A story about TCAQS: Tibia Character Automated Quotation System
Portuguese version: Link
The spark (late‑night 2022)
Picture a rainy Sunday in 2022. I’m procrastinating on real‑life chores by scrolling Tibia’s brand‑new auction house, looking at characters priced like beachfront property. Surely there’s a pattern here, I thought. Fifteen years of playing Tibia had wired my brain to sniff under‑ or over‑priced deals the way other people smell fresh coffee.
So I opened VS Code and wrote the first line of what would become TCAQS: async def crawl(url): ...
Mission: scrape every single auction record, teach a model to predict fair prices, and maybe—just maybe—save a few souls from paying 6k TC in a skill-less knight in Antica.
Three weeks, 650 000 HTML files, one battered laptop
Tibia’s rate‑limiter is the digital equivalent of an ankle weight. Three requests every second isn’t a suggestion—it’s the law. Multiply that by half a million pages and you get six days of constant crawling (add constant networks drops, and some Tibia website downtime as well). When the results/
folder finally hit 650 k files, I zipped it, patted myself on the back, and… promptly moved to the United States.
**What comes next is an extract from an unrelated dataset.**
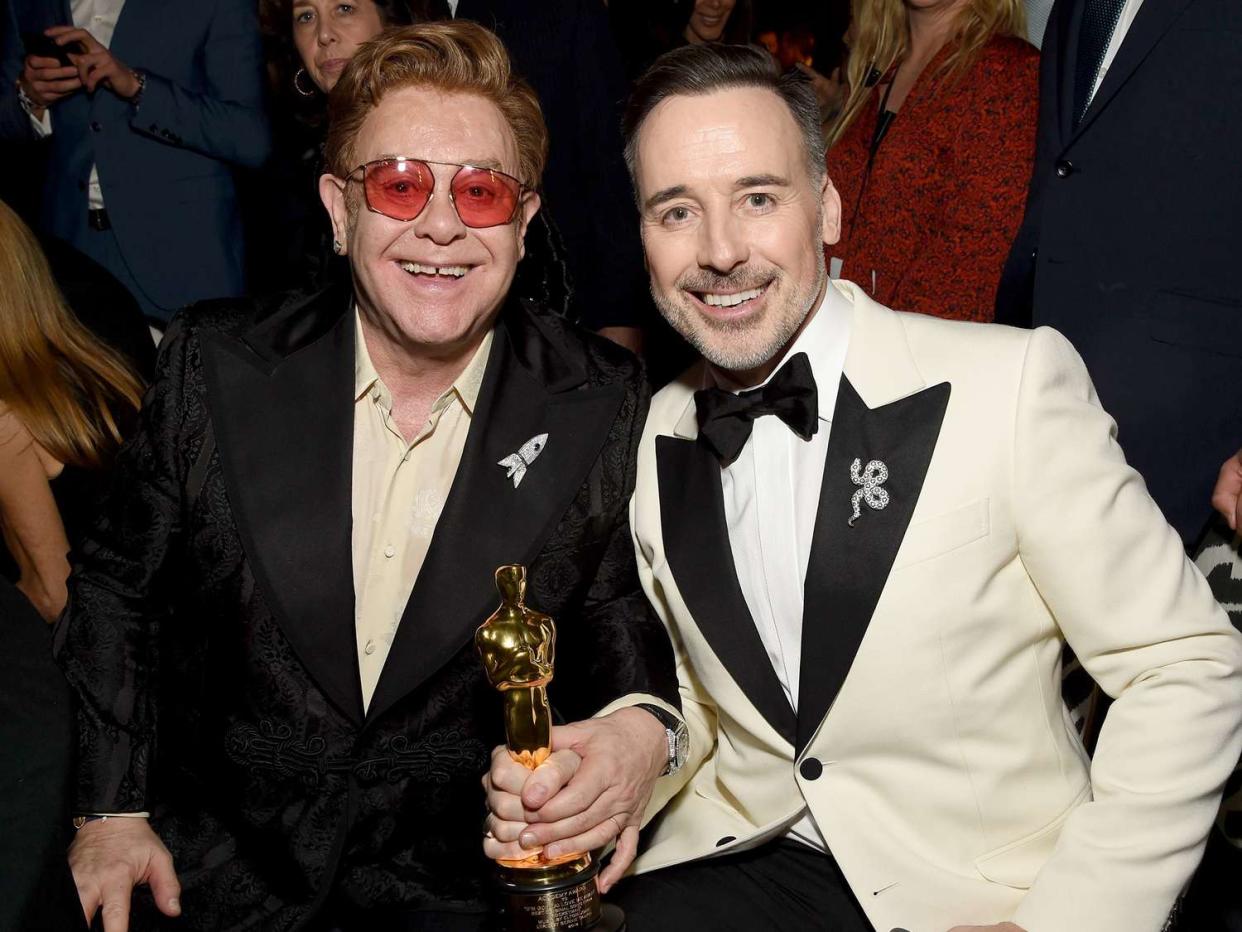 Elton John and David Furnish attend the 28th Annual Elton John AIDS Foundation Academy Awards Viewing Party on February 09, 2020 in West Hollywood, California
Life happened: visas, boxes, a Florida heatwave. tcaqs/
collected dust in a backup drive.
Rediscovery (May 2024)
Fast‑forward to a spring cleaning session. I’m Marie‑Kondo‑ing old drives when a 14 GB archive labeled tibia_auctions_2022.zip
stares back. Does it spark joy? Absolutely. And AI tooling has exploded since 2022, so why not finish the job?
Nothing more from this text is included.